一花一世界,一叶一菩提。世间每一个个体都是一个世界,无数个小的世界组成大千世界,甚至宇宙,宇宙外的世界。
看那一朵繁花,需经历冬根储藏能量,春芽奋力勃发,再历经一场场风雨洗礼,最终才能傲立枝头,绽放短暂的生命。当它留下种胚,延续了物种,最终花落残红,复归大地,再以新的形态融入世界。而哪一片叶子不是世间轮回的产物?
人的世界亦如此,前世的我们是谁的今生?今生的我们又是谁的前世?我们不过是同一空间,不同时间里,分子的不同组合形态罢了。
所有生命都在求生的路上经历磨难,所有的生命都要生死往复,这是谁也无法改变的,神不能,佛亦不能。否则神就不是神而是妖,佛亦是魔了。
许多人不是不明白这个道理,只是无法面对这个残酷的现实,在面对劫难绝望无助时,心无所托,才想寻求一丝希望,于是人类塑造了各种各样的神,有了各种宗教。
虽然不是本土宗教,但佛教自传入中华大地以来,在一系列的上层主流思想的推动下,延续千年,比本土宗教更本加土化。
而本土的道教,现世等级原型,让本就受到束缚制约的世人太过压抑,于是大多数人拜倒在了把众生看作平等的佛的脚下。
那座山上,也有道教的诸位神仙,但相比那尊大佛就逊色多了。山不在高,有佛则名,因为佛的存在,吸引了众多人慕名而来,大佛前香客络绎不绝,香火袅袅缭绕,大佛也更加有了“灵性”。从此这座本名不见经传的山盛名远扬,精神抖擞,从容不迫的迎接四方来客。
可不知为何,那尊已被人们习惯性存在膜拜的大佛,竟突然被“圈禁”了,四周架起了一个玻璃“金钟罩”,远远望去颇感莫名。
每每看到,就会想起被法海镇压在雷峰塔下的白素贞,想起被困在五指山下的孙悟空。如果如来有知,看到凡人竟然可以轻而易举的用一个玻璃罩把佛“囚禁”其中,又会作何感想?

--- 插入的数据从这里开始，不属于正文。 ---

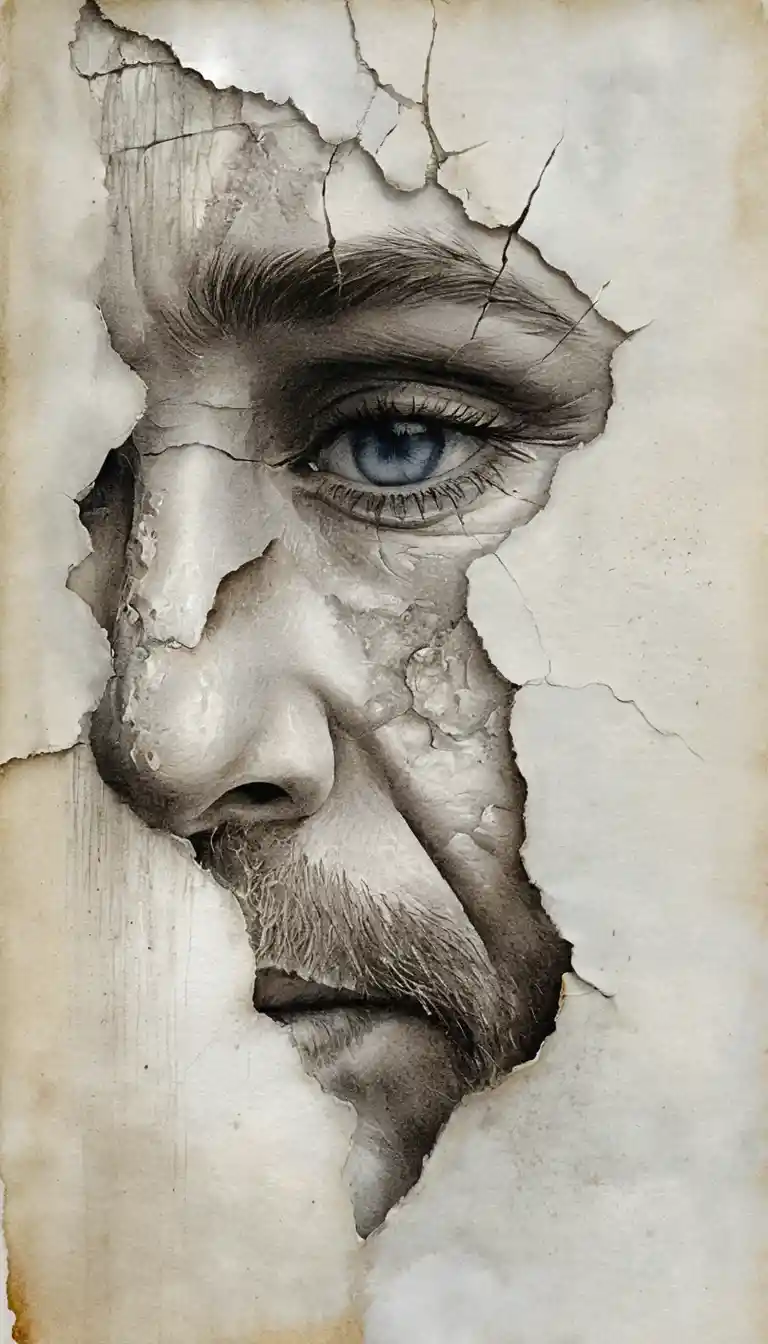 Gros plan de visage fragmenté d’homme âgé en technique mixte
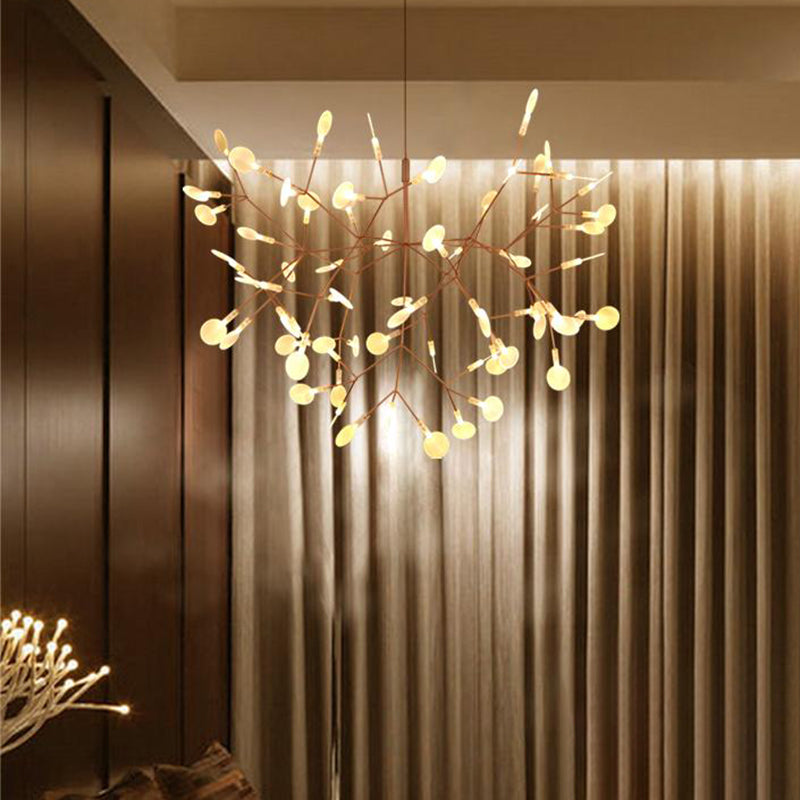 Metal Branch Shape Chandelier Postmodern Fireflies Hanging Lamp for Restaurant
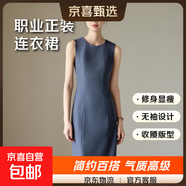 酒紅色無(wú)袖連衣裙女2025新款春秋打底高級感收腰職業(yè)正裝背心裙子 灰色（單件 連衣裙） 3XL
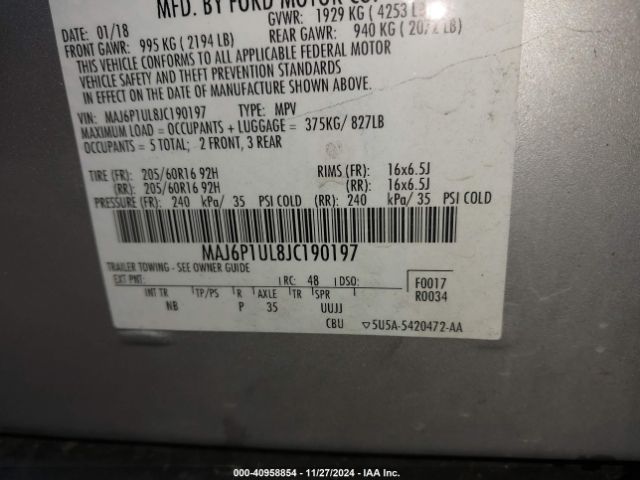 MAJ6P1UL8JC190197 Ford Ecosport Se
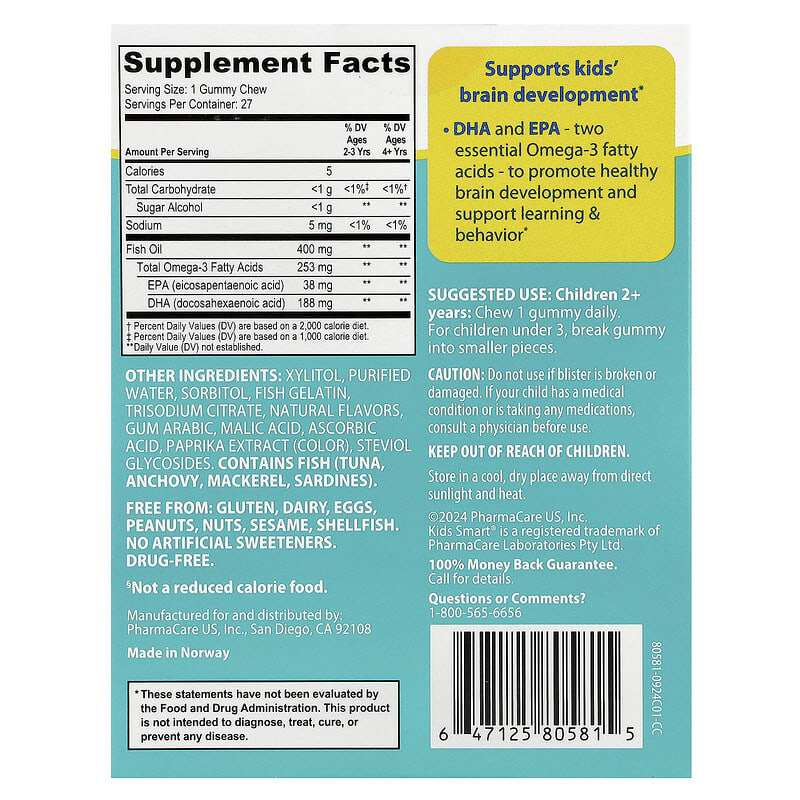 Купить Kids Smart, Vita Gummies, Brain Booster, добавка для поддержки мозга, без сахара, для детей от 2 лет, с фруктовым вкусом, 27 жевательных таблеток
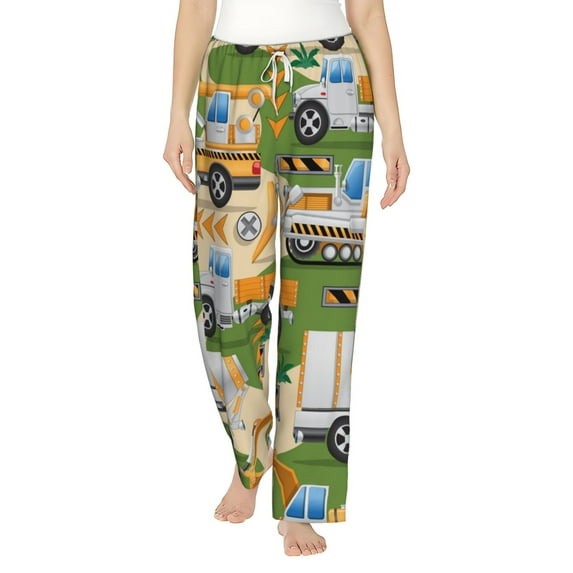 Salouo Construction Machinery1 Print Women's Pajama Pants Casual Loose Sweatpants PJs Flowy Pants Drawstring Palazzo for Women Wide Leg Pants Lounge Pajama -X-Large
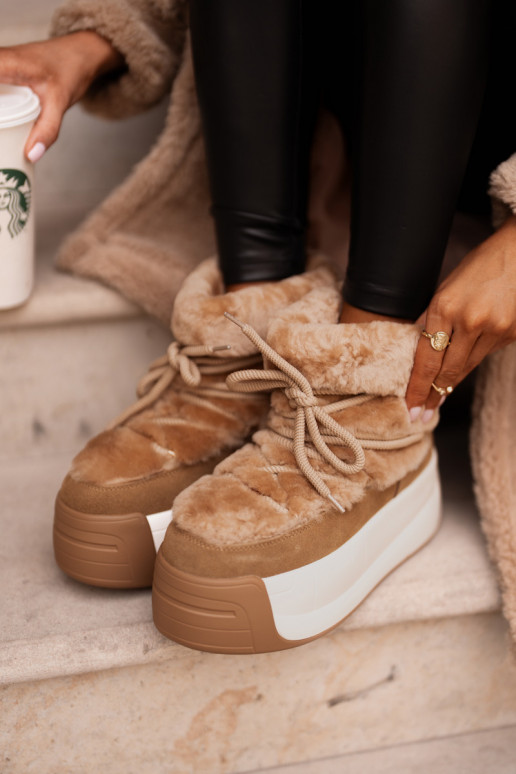 Peau Bottes de neige Féminin Sur une semelle épaisse avec un manteau de fourrure Big Star OO274A207 marron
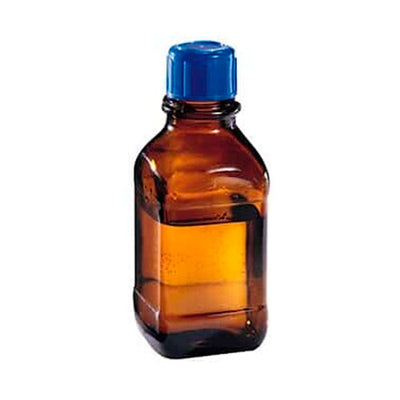 4293. FRASCO VIDRIO AMBAR 250ML CUADRADO C/TAPON AZUL 32MM - WHEATON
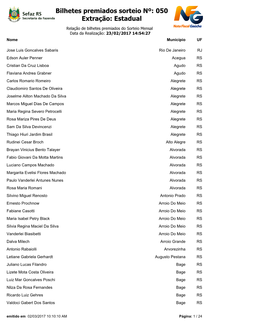 Bilhetes Premiados Sorteio Nº: 050 Extração: Estadual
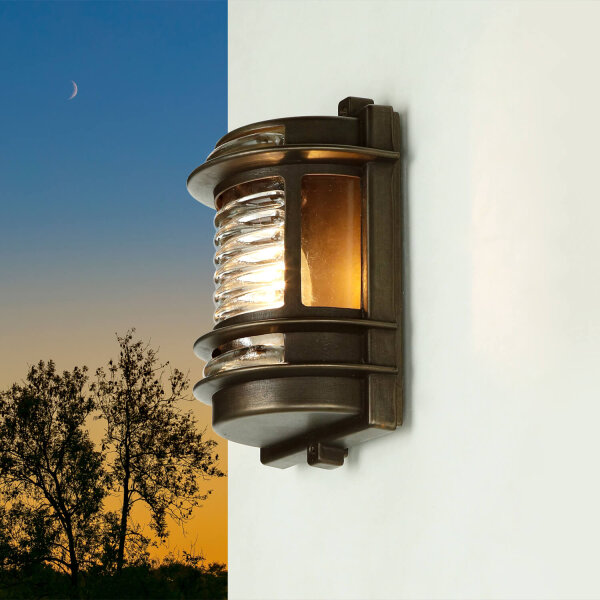 Lampe dextérieur noir antique IP64 laiton verre H : 22 cm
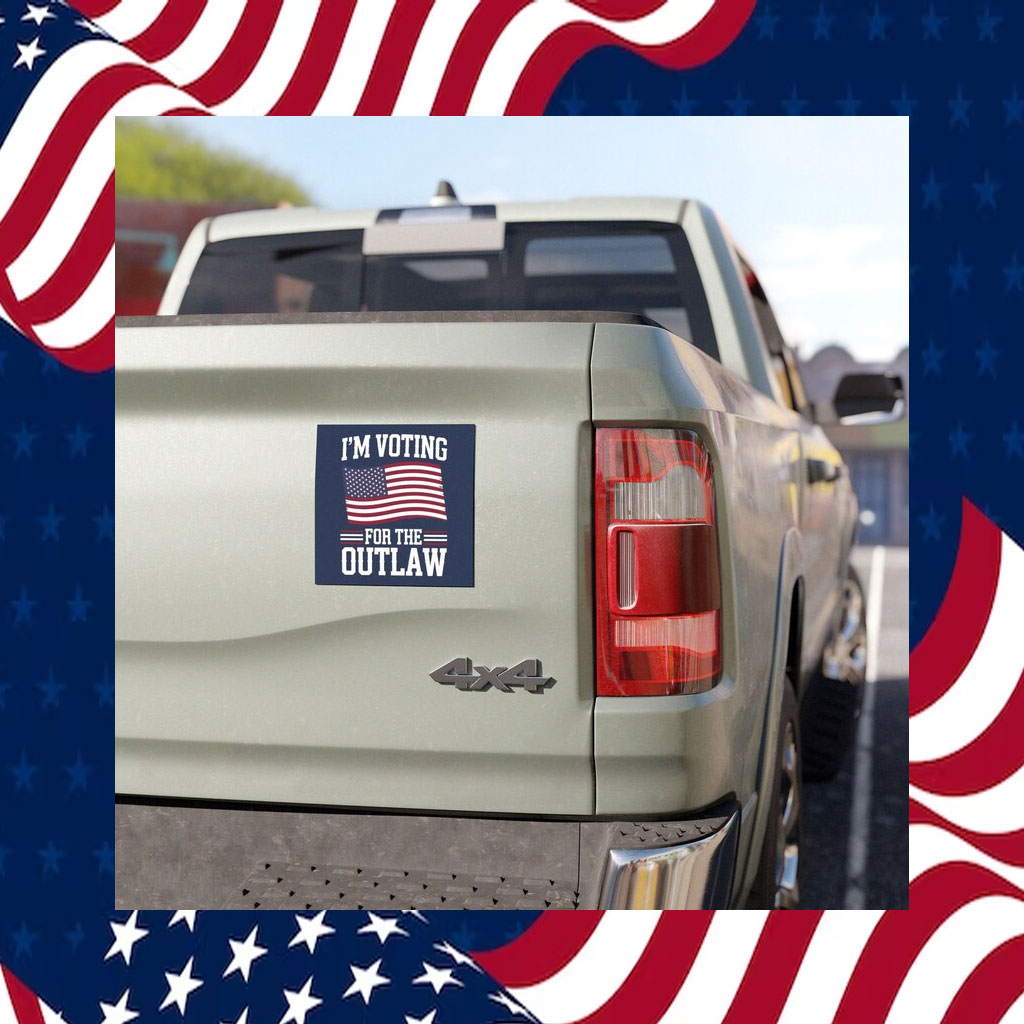 I'm Voting For The Outlaw Car Magnet, Trump For President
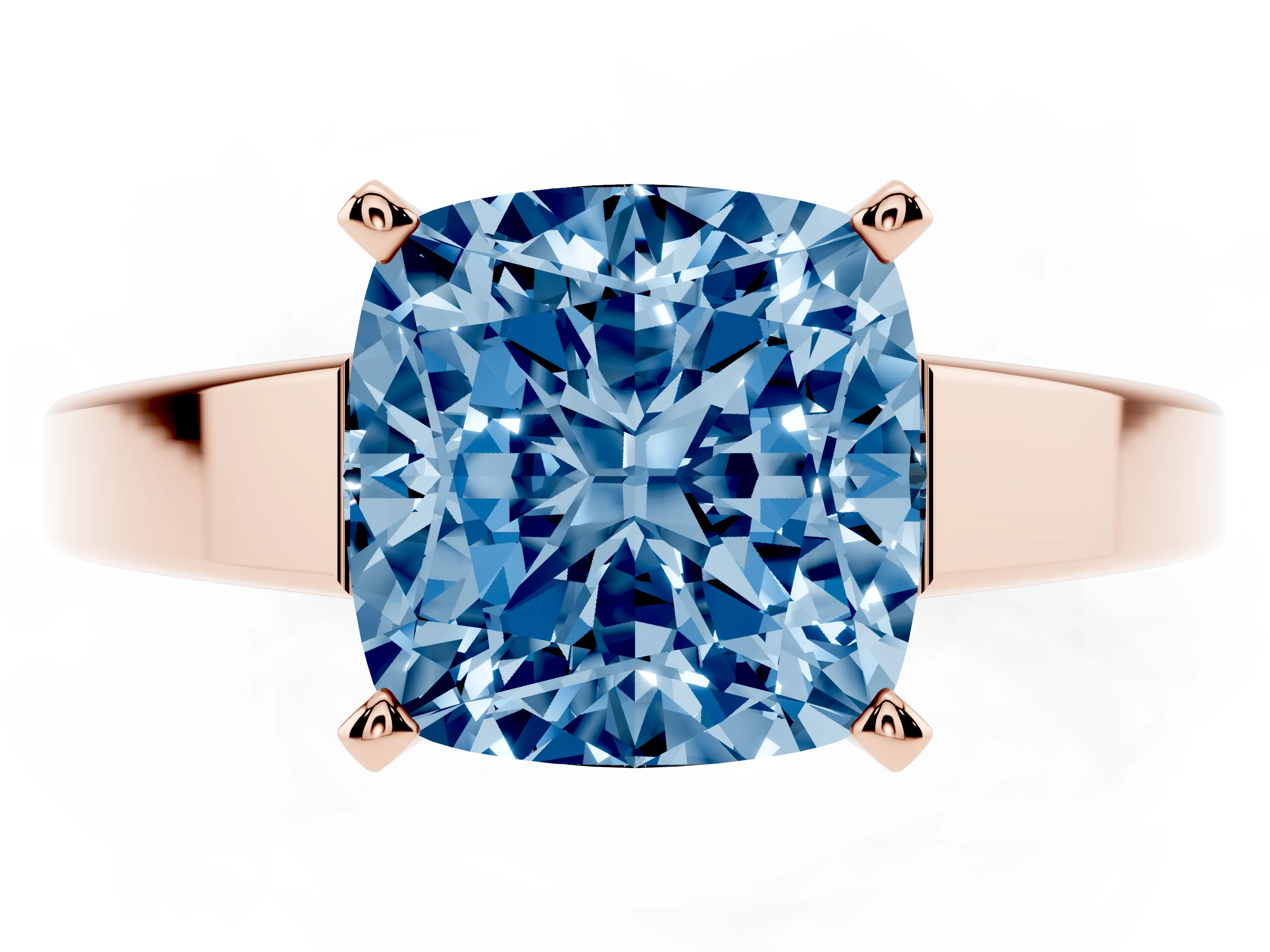 Fancy Blue Cushion Cut Diamond Solitaire Engagement Ring Set in Rose gold with Prong Setting and Tapered Band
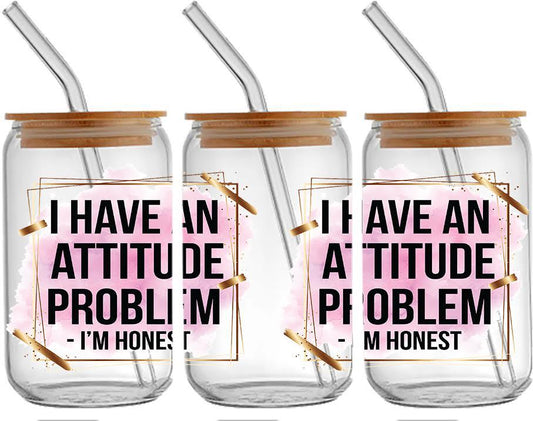 Attitude Problem Glass Cup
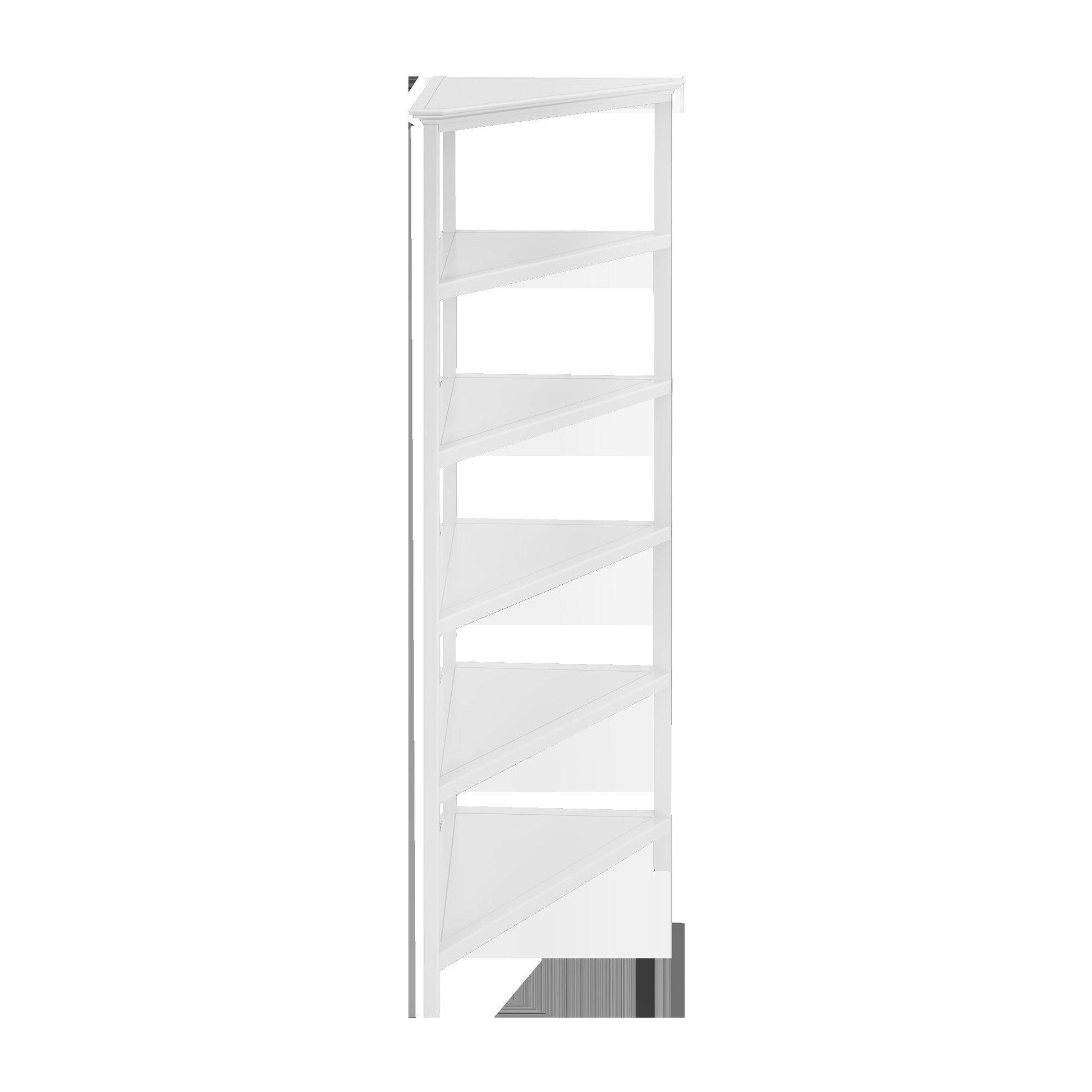 White Five Tier Solid Wood Corner Bookcase - AFS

从此以后,一面玻璃将佛与天地日月隔开,一道护栏拉开了人和佛之间的距离。人们站在佛脚下,有种相对无言,远隔千里的陌生感。佛的耳畔不知飘过了多少声的叹息,但佛就是佛,依然不悲不喜,面容安详,静默不语。
至于那个巨大的玻璃罩,坊间流传着许多说法,有关于风水学的,有关于文化的,关于宗教的,关于政治的。但佛若无灵,这些只是世人自寻烦恼,佛若有灵,应只笑不语吧。
但人们更愿意相信那只是为了怜惜佛免受风吹日晒,霜蚀雨淋之苦。假若果真如此,那大可不必,既然是佛,已与万物相通,只会把这些看作是天地的馈赠。
因一尊佛,名一座山,因一尊佛,名一方地,佛的存在,促进了一方经济的发展。而今却让佛犹抱琵琶半遮面,不与世人,不管是对佛还是对人,总该有个合理的解释?人们也更多的期待佛能“重见天日”!